*Task item:* Give the listing again word for word. Leave every image out.

[Dataset extract — start]

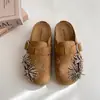 Hermosos Zuecos Estilo Birkenstock con Fuegos Artificiales de Pedrería para Mujer, Nuevos de Primavera 2026 Zuecos sin Cierre de Suela Gruesa para Uso en Exteriores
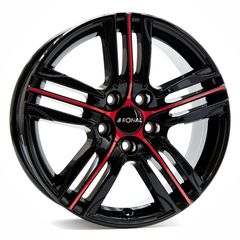 RONAL R57 7.5x19"  ( Gloss Black / Red )
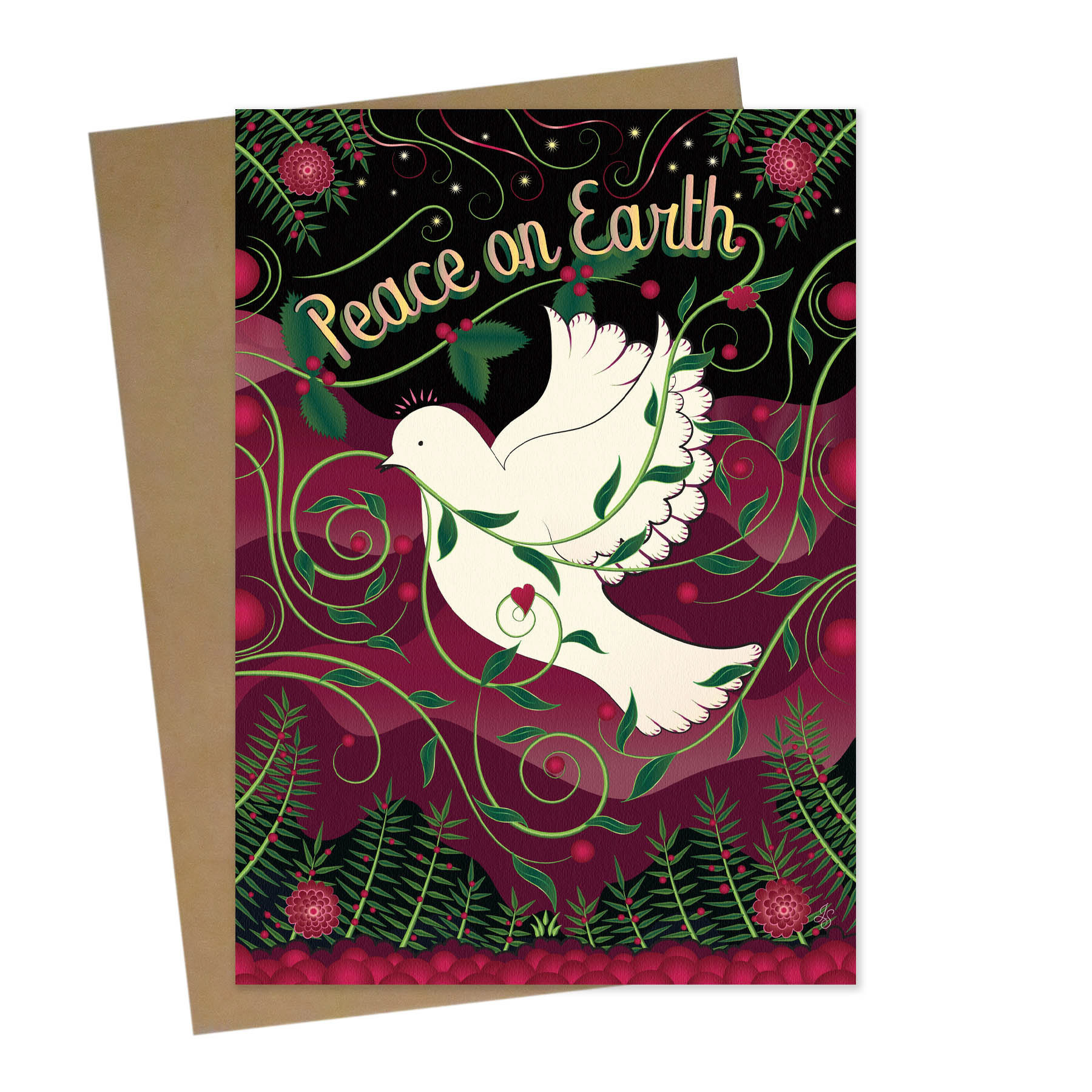 Bamboo Greeting Card with Kraft Envelope: Peace On Earth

[Dataset extract — finish]

*Response to this task:*
 Hermosos Zuecos Estilo Birkenstock con Fuegos Artificiales de Pedrería para Mujer, Nuevos de Primavera 2026 Zuecos sin Cierre de Suela Gruesa para Uso en Exteriores
 RONAL R57 7.5x19"  ( Gloss Black / Red )
 Bamboo Greeting Card with Kraft Envelope: Peace On Earth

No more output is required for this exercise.